Maui Now: A People Of Maui Interview with Christy Martin and Teya Penniman

A number of Maui residents have been on the cutting-edge of the environmental movement in Hawaiʻi from their successful push to protect humpback whales and sea turtles to the establishment of a concerted effort to control outbreaks of invasive species, including fire ants, coqui frogs and miconia.

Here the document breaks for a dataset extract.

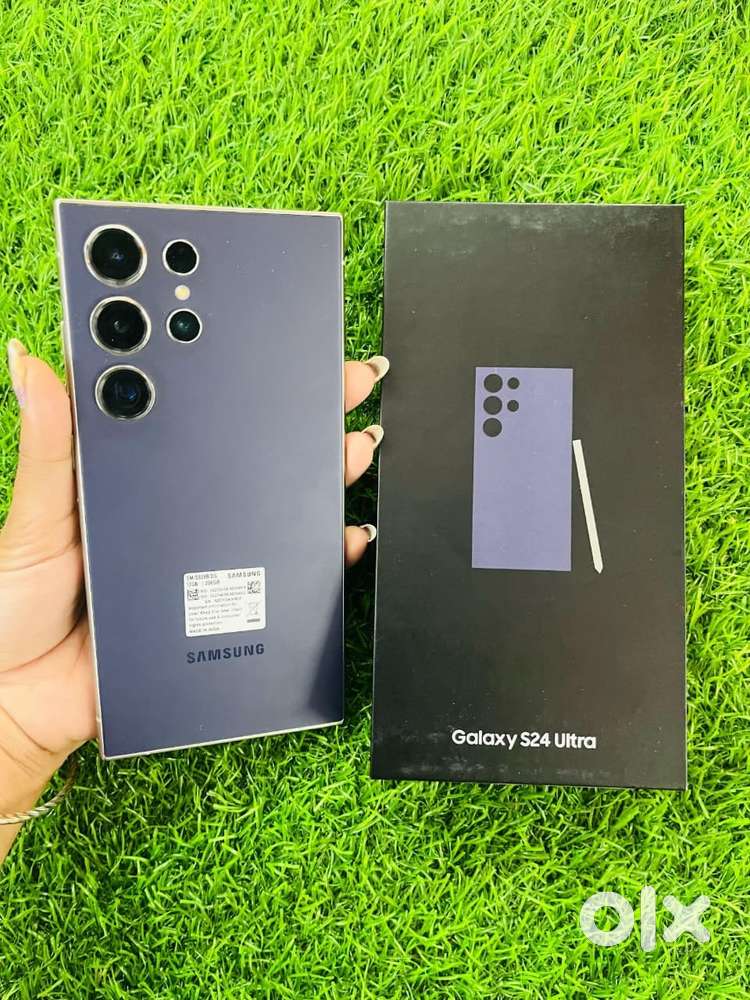 Selling Samsung S24 Ultra, Less Used, Mint Condition, 12/256GB Variant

In fact, one group – the Maui Invasive Species Committee or MISC, was partnering with private organizations and government agencies before there was a state Invasive Species Council. MISC is under the University of Hawaiʻi system, Pacific Cooperative Studies Unit, experimenting with new technology that could control invasive species. The Maui committee’s work, with the help of labor by scores of volunteers, has paid dividends, restricting coqui frog populations mainly to the Maliko Gulch area, and finding ways of controlling outbreaks of little fire ants when new pockets are reported.

An early example is the ridding of coqui frogs at the Ritz-Carlton Kapalua, Maui resort, where workers combed the resort grounds until the coquis were eradicated. Oʻahu and Kauaʻi have also effectively fought outbreaks of coqui.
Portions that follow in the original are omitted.